_Material supplied_.
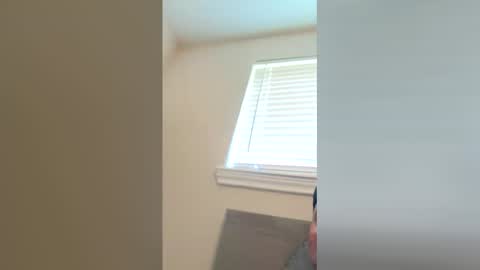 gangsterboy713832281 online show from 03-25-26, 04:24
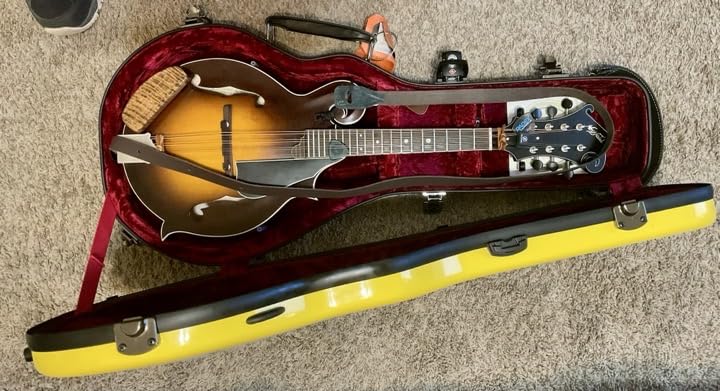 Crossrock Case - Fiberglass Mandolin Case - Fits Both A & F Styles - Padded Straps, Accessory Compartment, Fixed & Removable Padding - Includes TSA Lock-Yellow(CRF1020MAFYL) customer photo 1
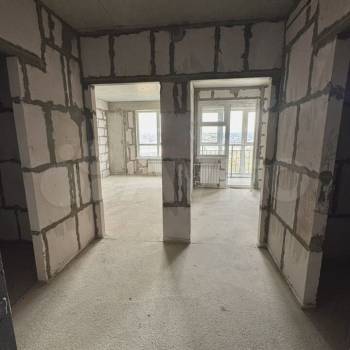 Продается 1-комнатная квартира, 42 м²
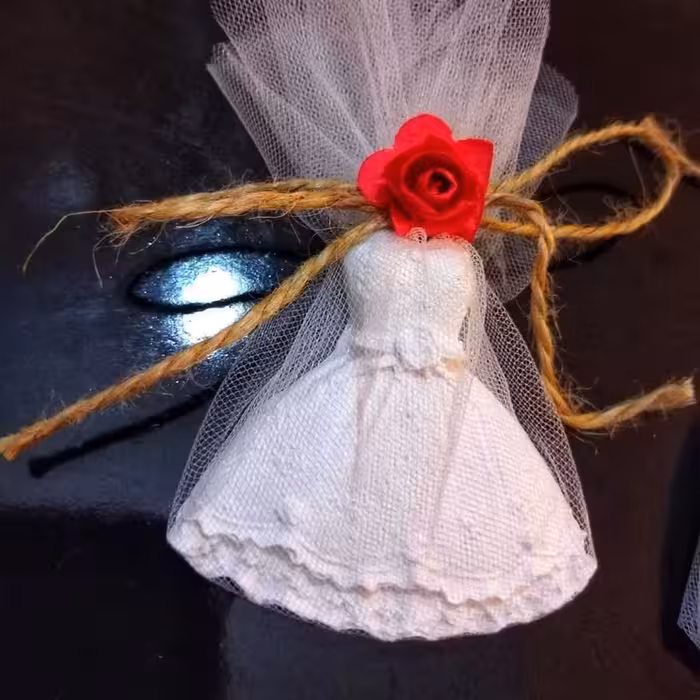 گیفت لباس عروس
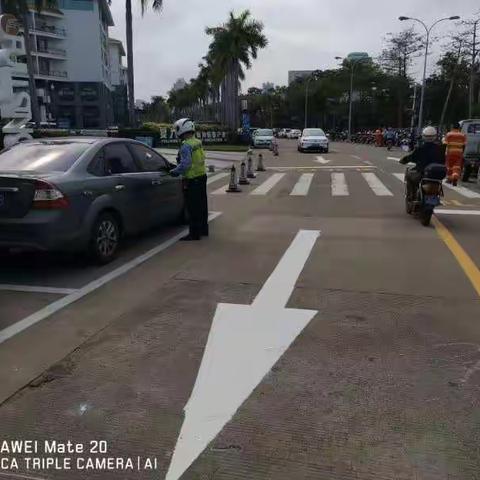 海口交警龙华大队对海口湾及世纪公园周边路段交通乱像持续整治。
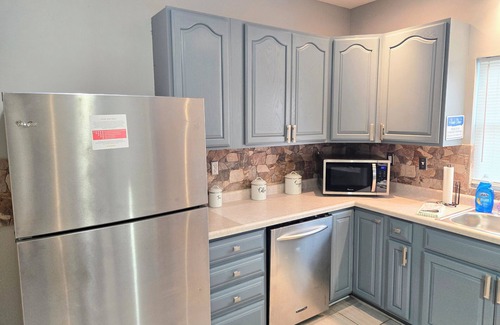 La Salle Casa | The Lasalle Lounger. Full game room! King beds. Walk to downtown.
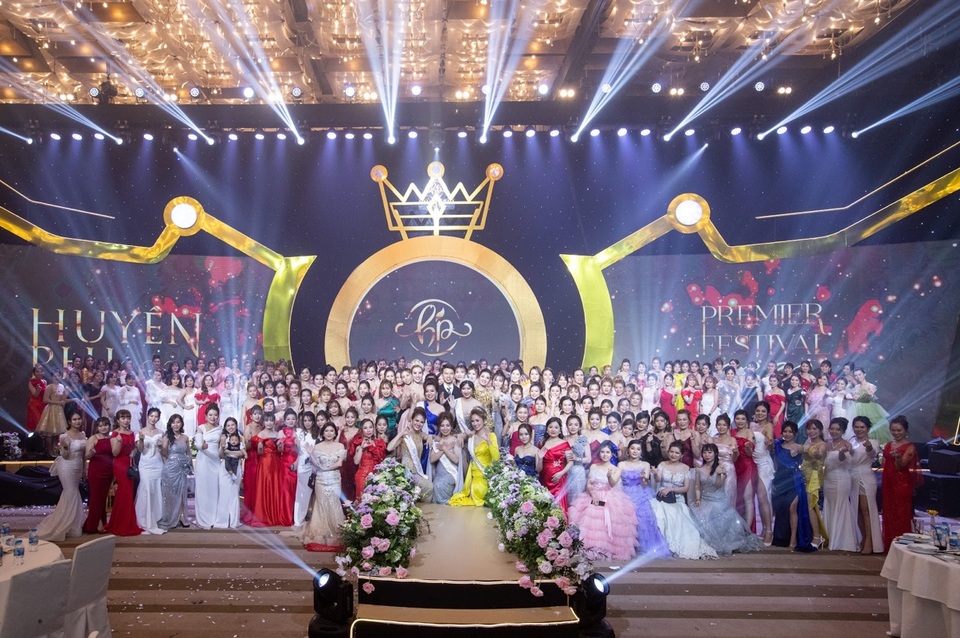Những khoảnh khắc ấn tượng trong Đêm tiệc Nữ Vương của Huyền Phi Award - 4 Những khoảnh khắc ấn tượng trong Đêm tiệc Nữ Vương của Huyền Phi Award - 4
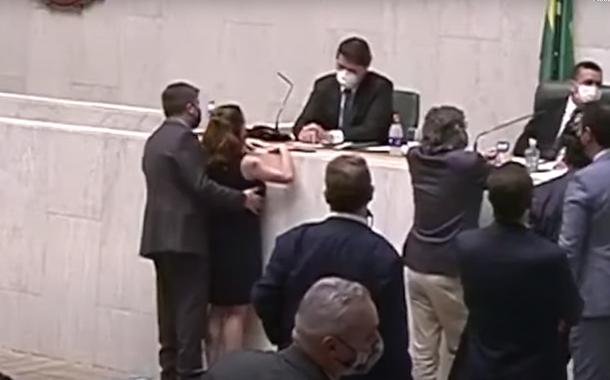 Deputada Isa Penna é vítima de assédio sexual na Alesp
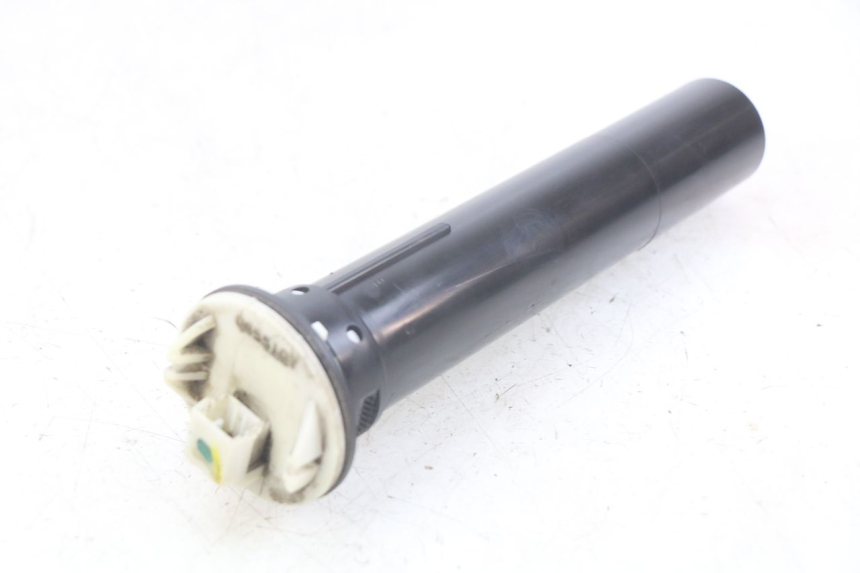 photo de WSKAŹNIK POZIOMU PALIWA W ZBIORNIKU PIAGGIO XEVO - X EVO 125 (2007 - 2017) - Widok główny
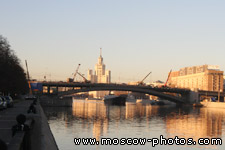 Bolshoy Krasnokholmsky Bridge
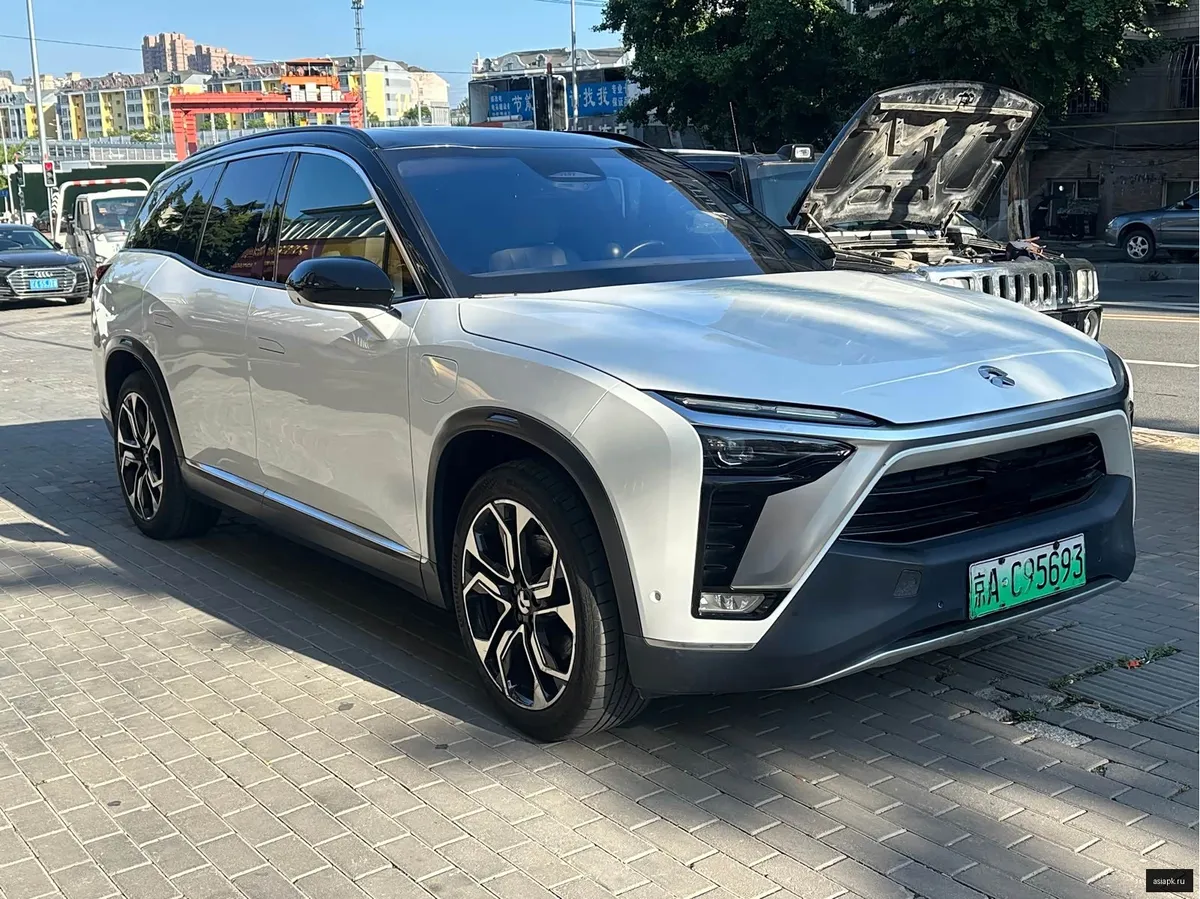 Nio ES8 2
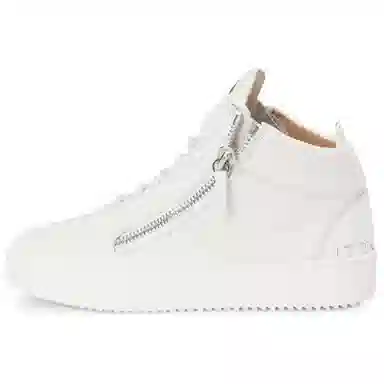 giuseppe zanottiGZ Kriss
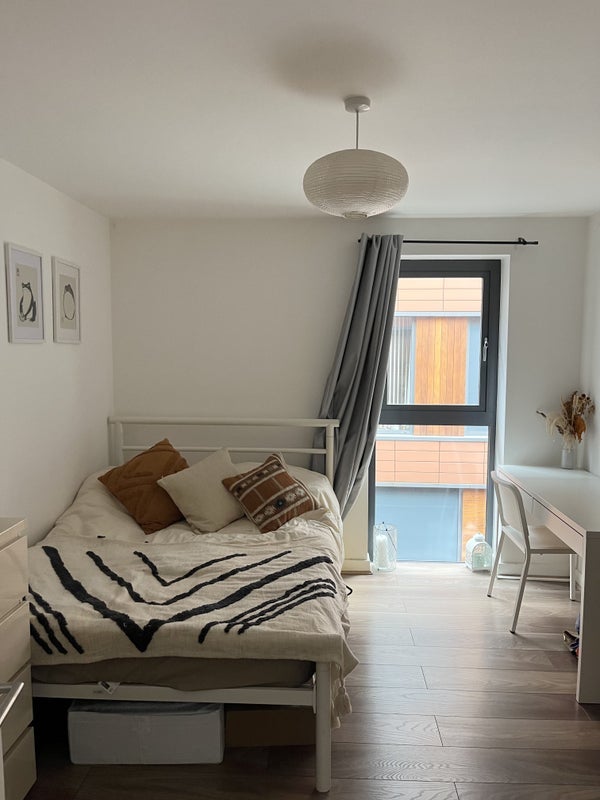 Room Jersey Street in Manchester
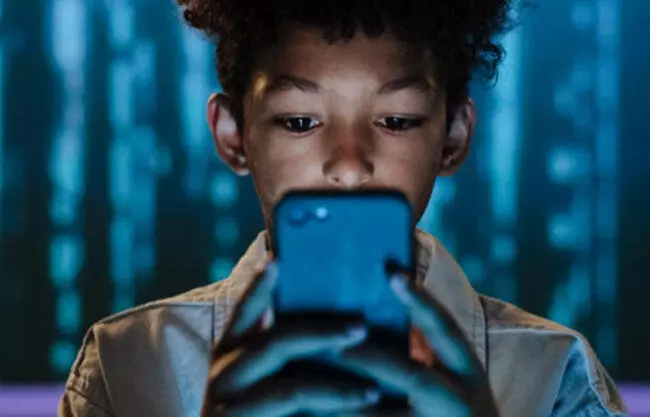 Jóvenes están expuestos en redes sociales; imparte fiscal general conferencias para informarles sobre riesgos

_Task details_. Copy out, without any pictures, the lines of the records above from the one containing "Room Jersey Street in Manchester" through the final line, both ends included.

_Written response_.
 Room Jersey Street in Manchester
 Jóvenes están expuestos en redes sociales; imparte fiscal general conferencias para informarles sobre riesgos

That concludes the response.